Tout d’abord, la Hongrie fait partie des pays européens qui ont été envahis par l’Empire Ottoman. C’est par ce pays et par l’Autriche que passait la frontière de l’expansion maximale de cet empire vers l’Europe. La frontière Est de la Bosnie-Herzégovine était celle entre l’Empire Ottoman et l’Autriche jusqu’au XIXe siecle. La domination ottomane est le dénominateur commun entre la Hongrie et certains autres pays d’Europe Centrale et Orientale qui sont aussi réticents d’accepter de nombreux migrants musulmans. Rappelons brièvement quelques faits de l’histoire. Les peuples indigènes des Balkans sont restés plusieurs siècles sous cette domination (entre 1396 et 1878 pour les Bulgares, par exemple). Leur développement culturel a été ralenti et ils ont vécu la Renaissance des centaines d'années après l’Europe Occidentale.
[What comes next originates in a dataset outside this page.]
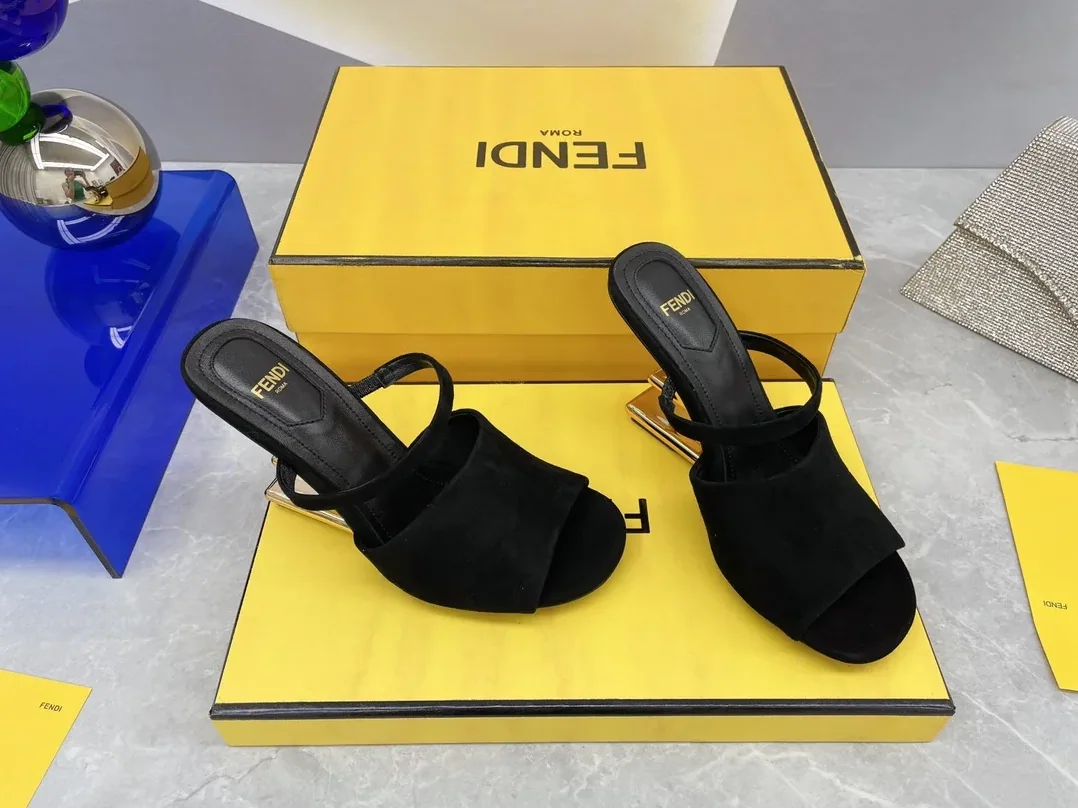Fendi First Black Velvet High in Heeled Sandals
C'était une vraie période de choc entre deux cultures, qui s’étaient développées sur les bases de deux religions, respectivement le christianisme et l’islam. Les chrétiens devaient construire leurs églises enfoncées dans la terre. On prélevait à la population chrétienne « l’impôt de sang » : on enlevait des garçons de bas âge à leurs familles, on les convertissait à l’islam, on les faisait subir un lavage du cerveau et un entraînement militaire et il devenaient des janissaires, ce redoutable fléau pour le peuple qui les avait mis au monde. Une des nombreuses révoltes bulgares (étouffées toujours dans le sang) a donné raison à l’Empire Russe de déclarer la guerre à l’Empire Ottoman en 1877 suite à laquelle ce dernier a perdu une bonne partie de ses possessions territoriales dans les Balkans.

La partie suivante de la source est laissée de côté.